### BRIEF
Only the lines from the one containing "Disney Winnie The" through the end of the listing belong in the answer, repeated exactly, with no pictures.

### GIVEN DATA
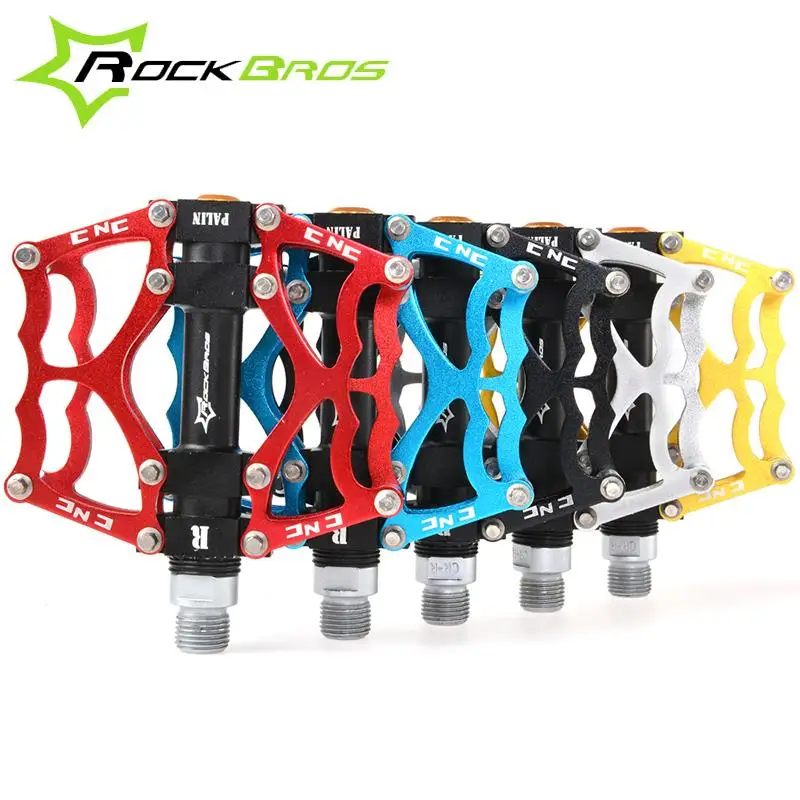 RockBros MTB BMX DH велосипед Велосипедный Спорт для верховой езды Сверхлегкий Педали для автомобиля Алюминий Средства ухода за кожей мост 9/1" CR mo шпинделя Велоспорт заклеенными подшипника педаль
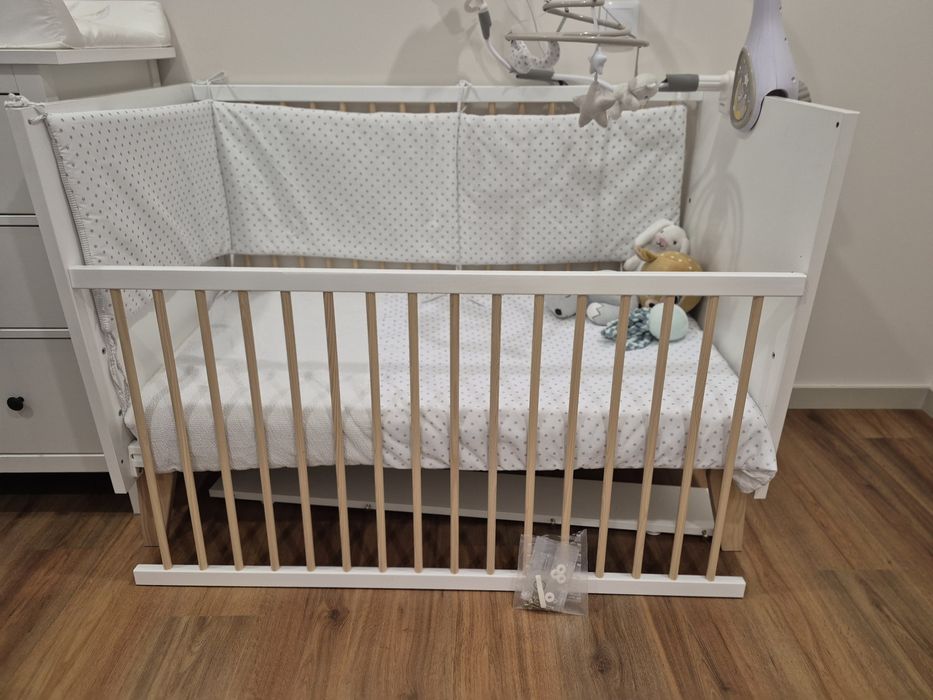 Berço - Cama 3 em 1, 120x60 cm Zy Baby com colchão
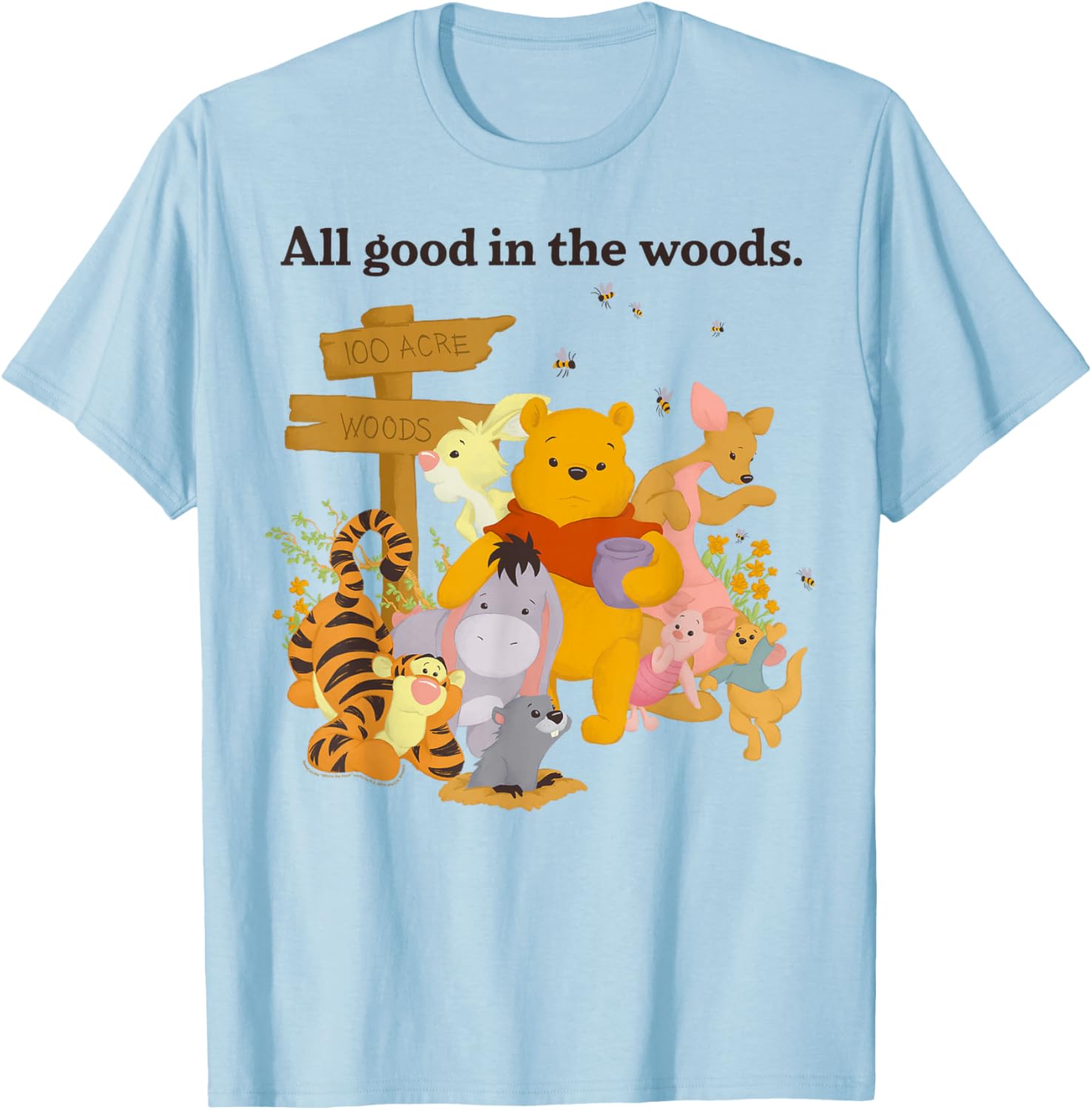 Disney Winnie The Pooh All Good In The Woods T-Shirt for Kids and Adults - 3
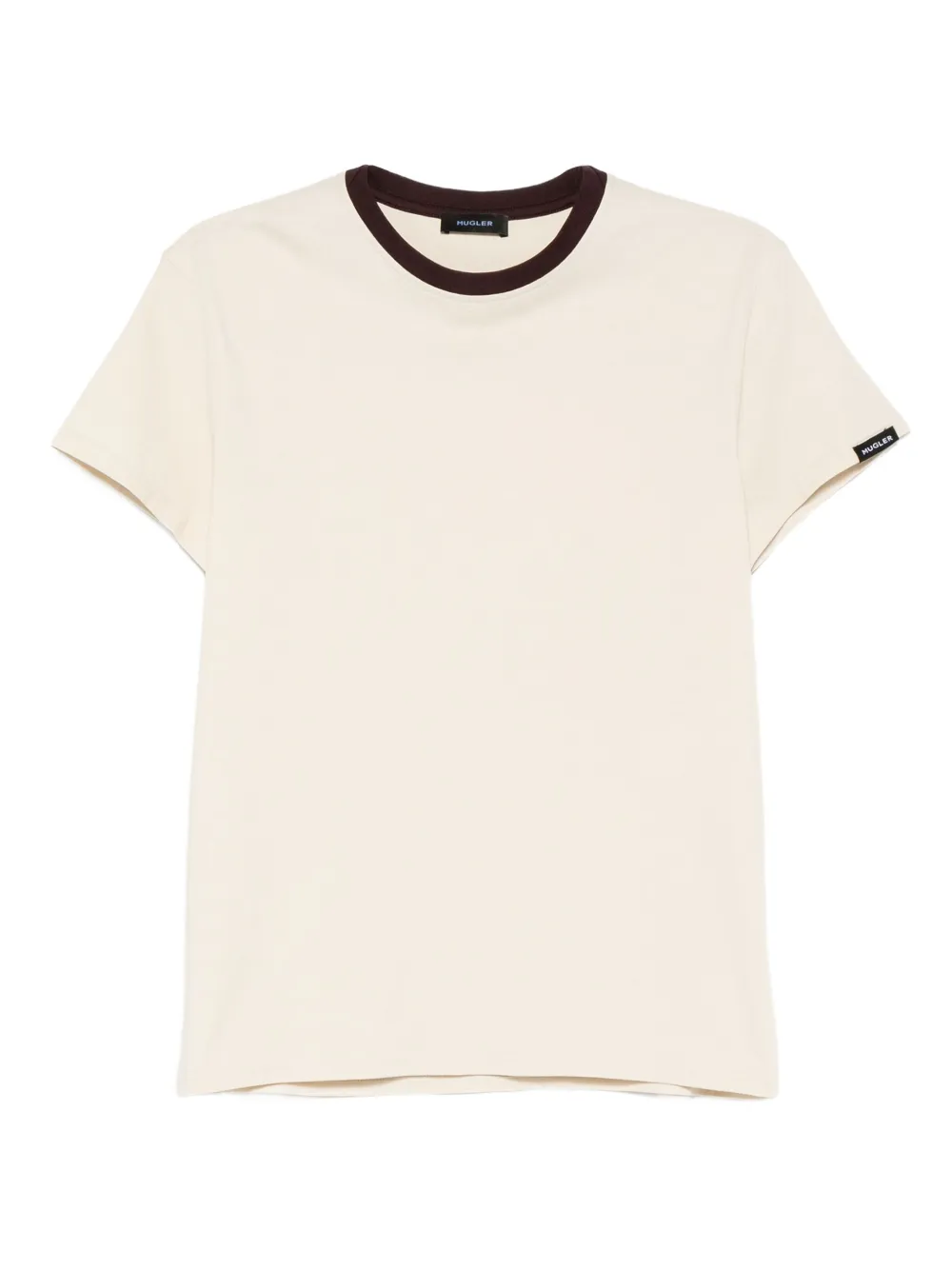 Mugler ribbed-trim T-shirt | Neutrals | Image 1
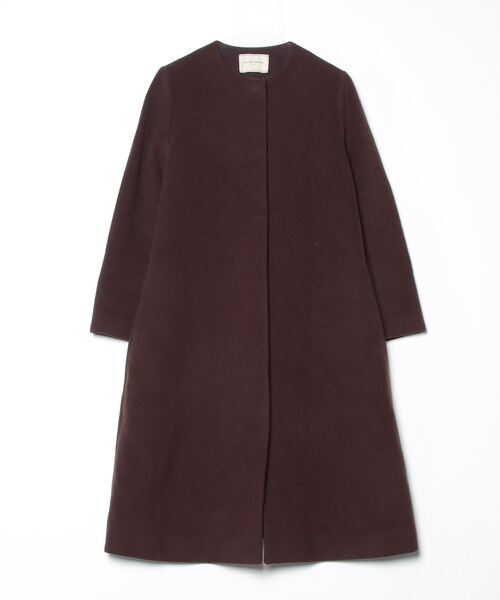UNITED ARROWS（ユナイテッドアローズ） ノーカラーコート 40 ブラウン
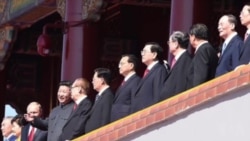 九三阅兵 江泽民现身天安门城楼 九三阅兵 江泽民现身天安门城楼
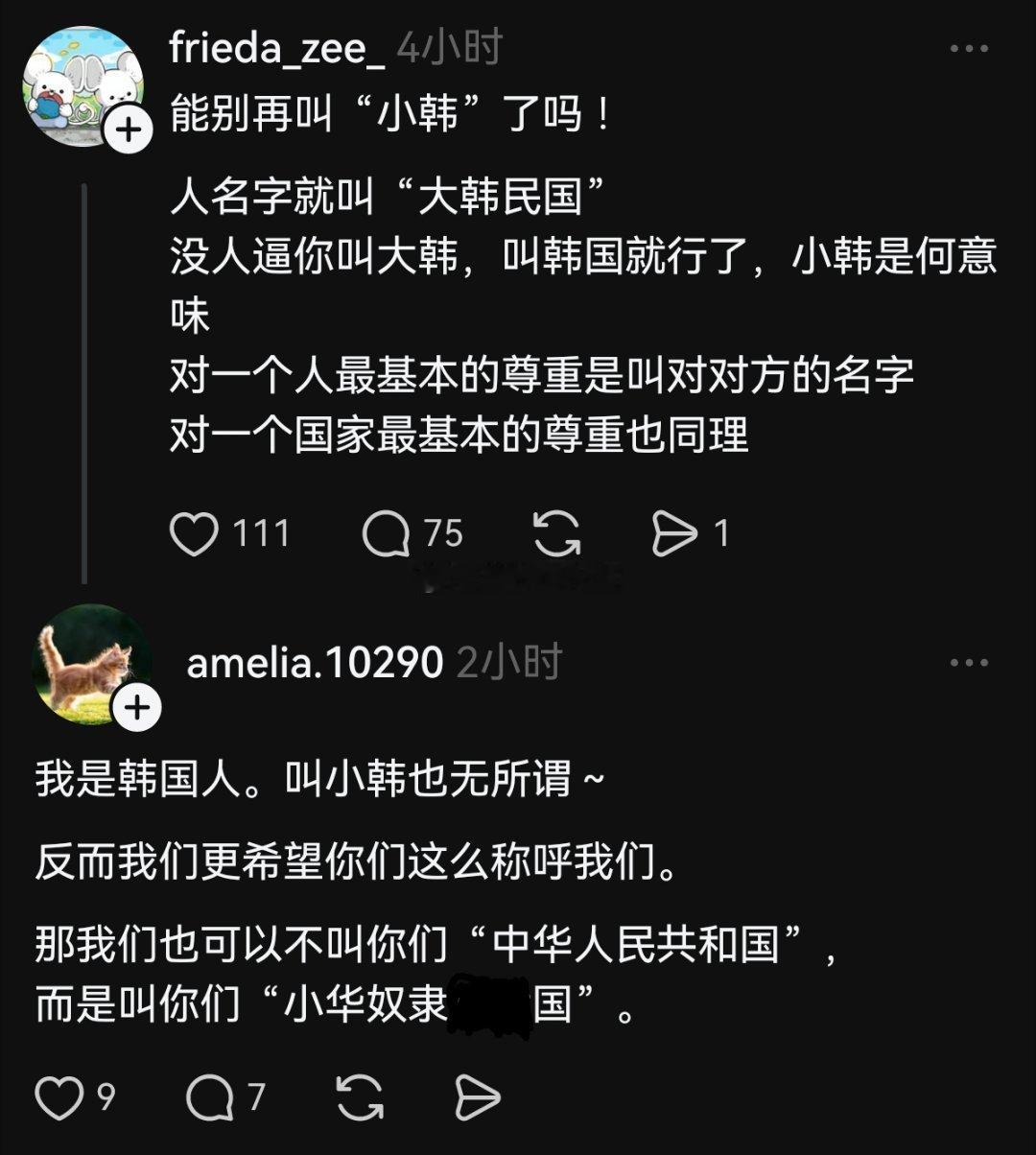 韩流粉圈内讧，开始就“要不要叫韩国小韩”互相吵了起来，而韩国人对维护韩国的韩流粉
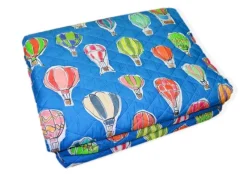 COPRILETTO TRAPUNTATO PIAZZA E MEZZO MIRABELLO MODELLO BALLOONS VARIANTE BLU 51U
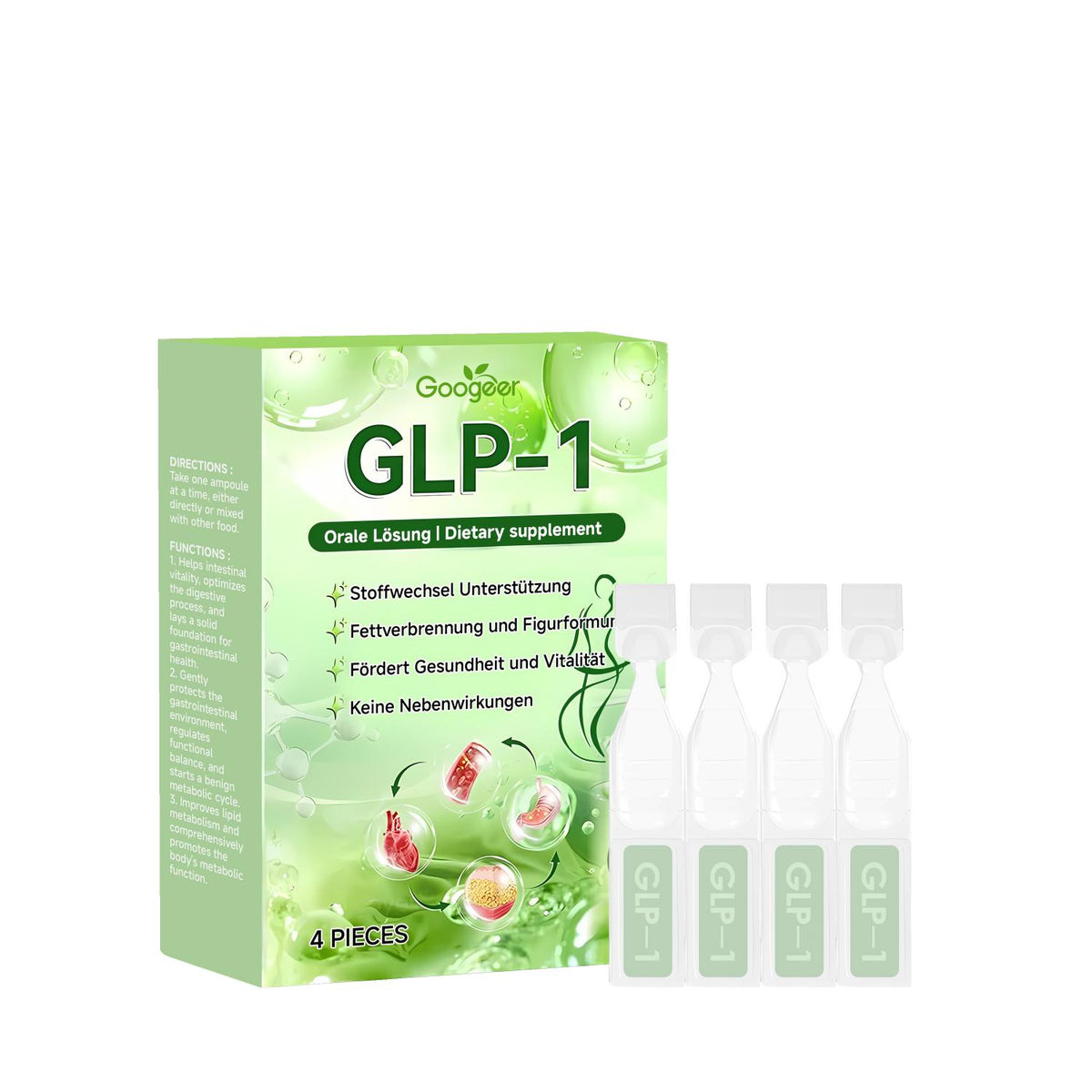 Body Shaping Dietary Supplement Drops - 4 Pieces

### RESULT
 Disney Winnie The Pooh All Good In The Woods T-Shirt for Kids and Adults - 3
 Mugler ribbed-trim T-shirt | Neutrals | Image 1
UNITED ARROWS（ユナイテッドアローズ） ノーカラーコート 40 ブラウン
 九三阅兵 江泽民现身天安门城楼 九三阅兵 江泽民现身天安门城楼
 韩流粉圈内讧，开始就“要不要叫韩国小韩”互相吵了起来，而韩国人对维护韩国的韩流粉
 COPRILETTO TRAPUNTATO PIAZZA E MEZZO MIRABELLO MODELLO BALLOONS VARIANTE BLU 51U
 Body Shaping Dietary Supplement Drops - 4 Pieces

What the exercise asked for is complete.